HKUDS / DCRec

[WWW'2023] "DCRec: Debiased Contrastive Learning for Sequential Recommendation"
https://arxiv.org/abs/2303.11780
MIT License
54 stars 6 forks source link

Doubts about how the data partitioning method #4

Closed ZuGeYunQian closed 1 year ago

ZuGeYunQian commented 1 year ago

Thank you very much for your paper. It has been very inspiring to me. I sent you an email yesterday, but I am concerned that you may not frequently check your inbox. Therefore, I am reaching out again on GitHub to ask my question. The paper does not provide detailed information about the data partitioning method, such as the ML-20M dataset, which originally contains 20 million data points, but your experiments only utilize a small portion of it.Therefore, I would like to request your assistance. May I ask if you can share the raw dataset used in your experiments in CSV format or inform me about the data partitioning method, solely for academic exchange purposes?

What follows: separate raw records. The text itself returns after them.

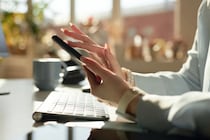 別れた恋人のSNS監視は「心の回復」を妨げる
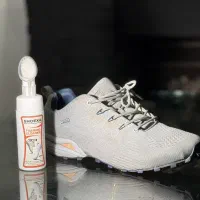 فوم تمیزکننده کفش و کتانی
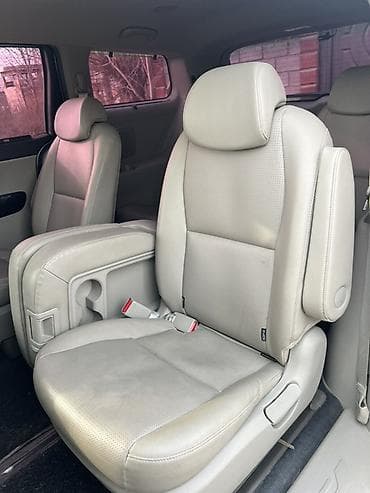 carnival: Kia Carnival: 2019 г., Автомат, Минивэн — 6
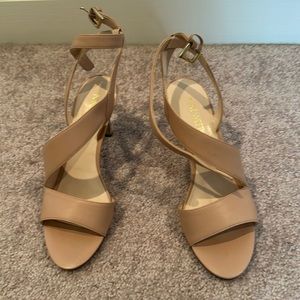 Women beige 3” strapy heel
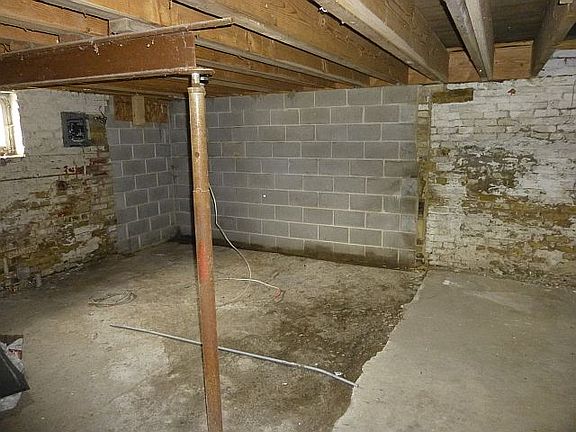 3rd image of 3802 E Barnard Ave #0
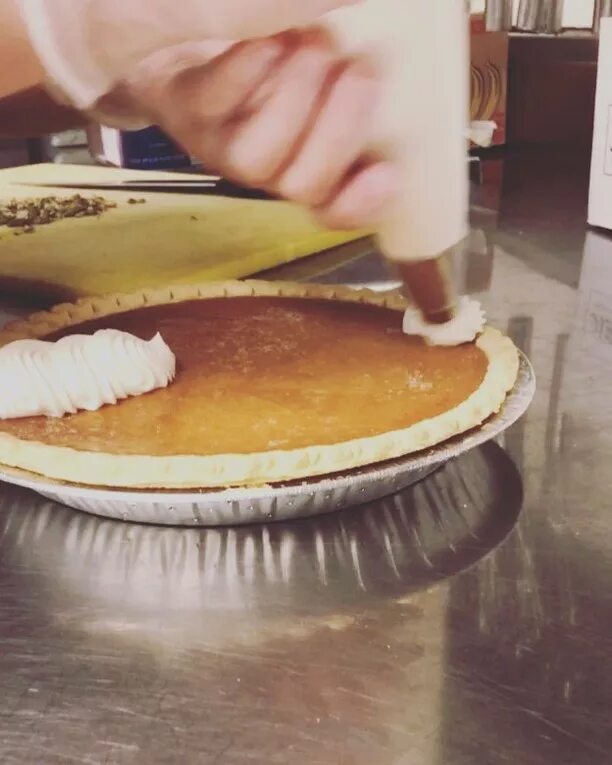 Ciao Bakery! บ น Instagram: "Is it a pumpkin pie without whipped cream? 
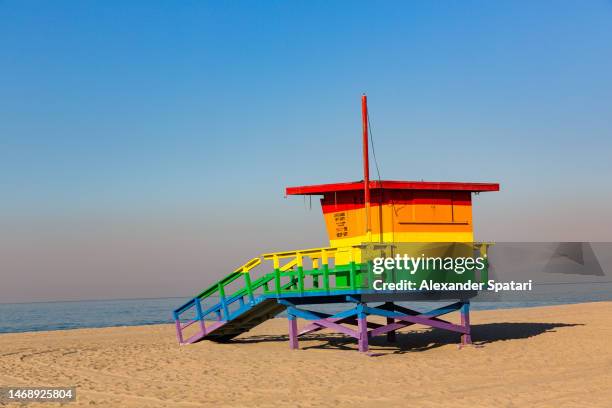 lifeguard tower painted in rainbow colors at venice beach, los angeles, usa - celebrates pride in la ストックフォトと画像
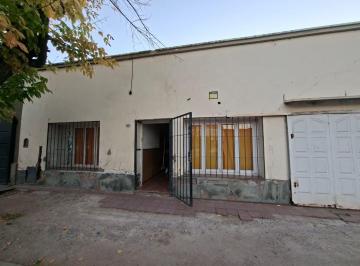 Casa · 138m² · 5 Ambientes · 2 Cocheras · Casa en Venta a Reciclar – Dorrego, Guaymallén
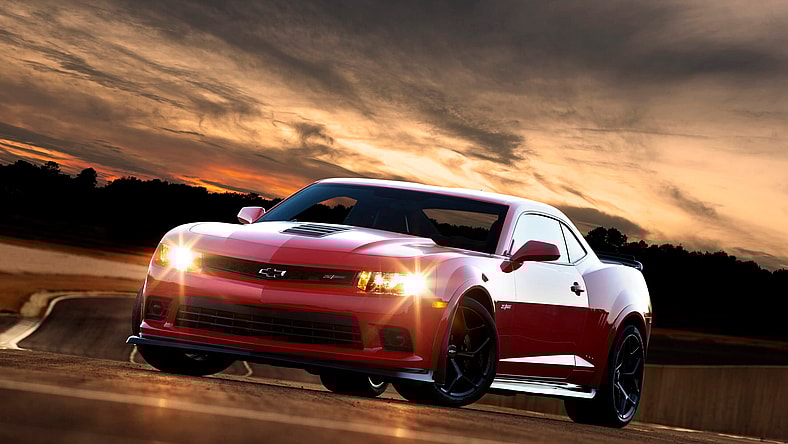 2015-Chevrolet-CamaroZ28-056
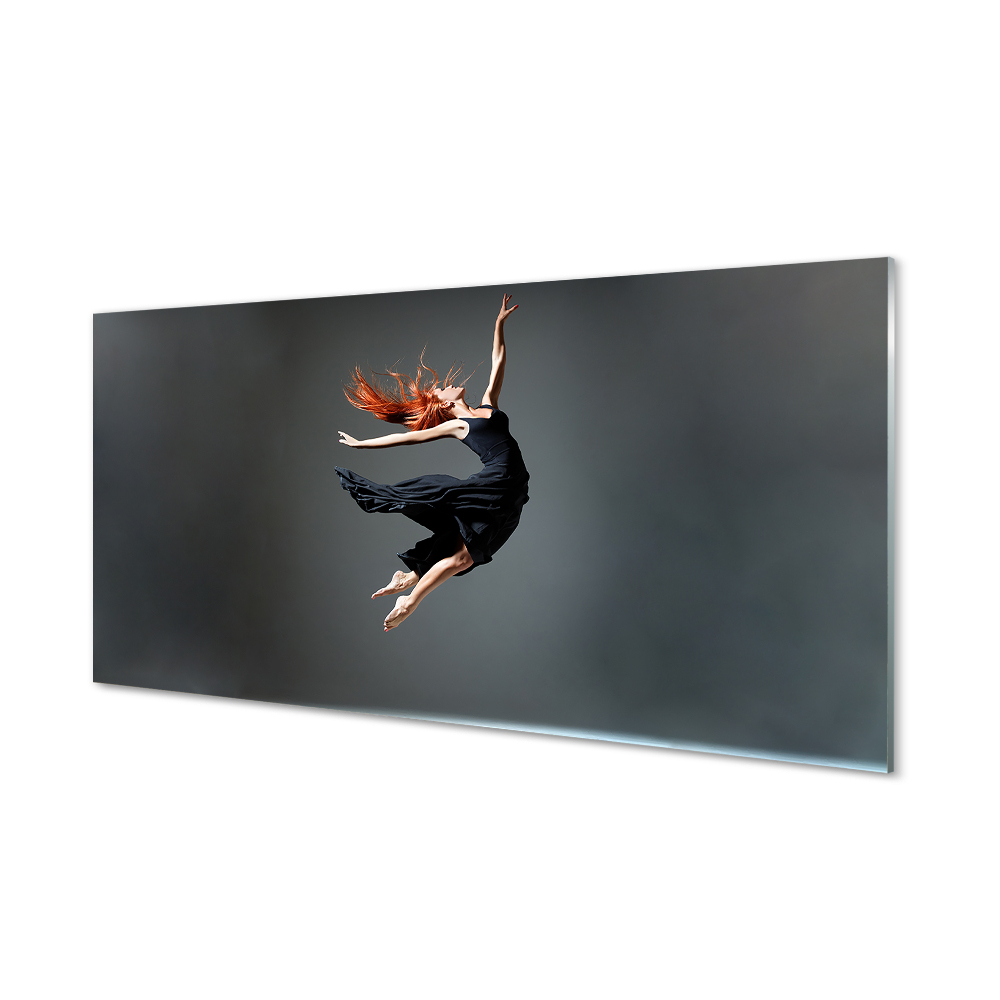 Vörös hajú nő fekete ruhában Üvegkép nyomtatás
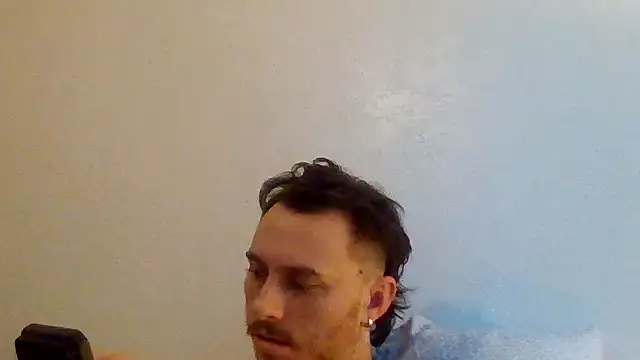 Tallhungandcloudy online show from March 6, 9:22 pm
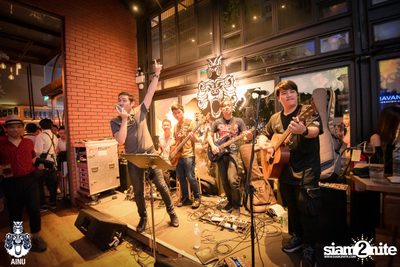 Friday Night at Ainu Bar — photo 29
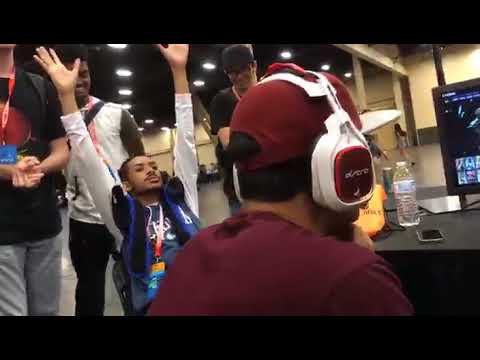 EVO 2018. Injustice 2. Hero Stain (Cyborg)  Vs. bc_Biohazard (Harley Quinn) Top 8 qualifier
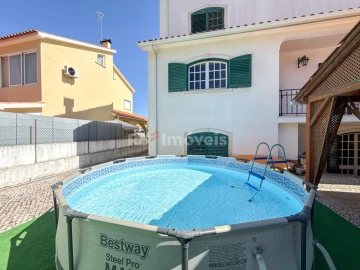 Moradia T4 para Venda em Nossa Sra de Fatima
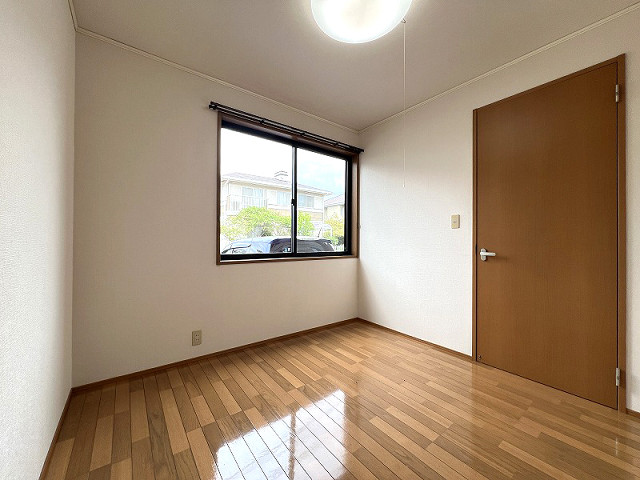部屋４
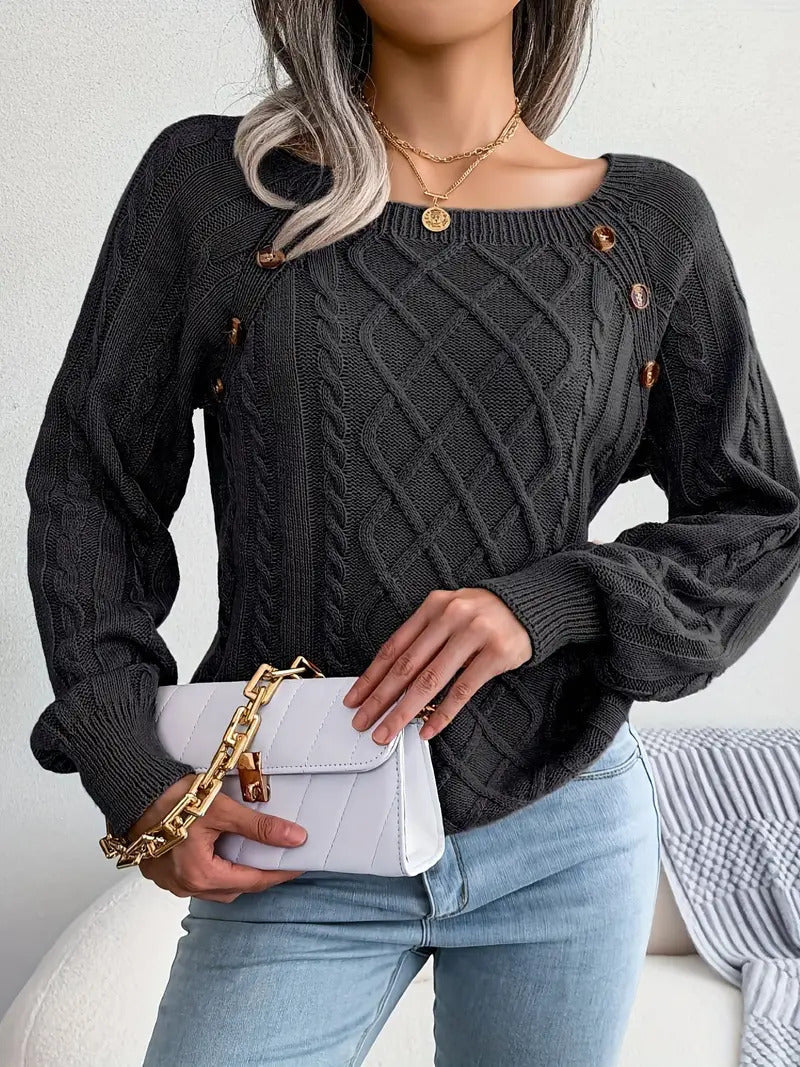 Klassischer Strickpullover mit Zopfmuster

yuh-yang commented 1 year ago

Hi,

It's from RecBole's released datasets. https://recbole.io/dataset_list.html

ZuGeYunQian commented 1 year ago

Thank you very much for providing the website. However, I tried both the Google Driver and Github links, and I could only find the original version of ML-20M dataset. I couldn't find the version with 193,452 user interactions that were used in the paper. Could you please let me know which part of the ML-20M dataset the paper used?

截屏2023-08-02 21 12 53
yuh-yang commented 1 year ago

Oh I got you,

I upload my preprocess script here: https://www.dropbox.com/s/nu711v3rluqx2k7/preprocess.ipynb?dl=0

which includes some filtering ops

ZuGeYunQian commented 1 year ago

Thank you so much for providing the data I needed! Your generous help will be of great assistance to my research. I truly appreciate your support and kindness!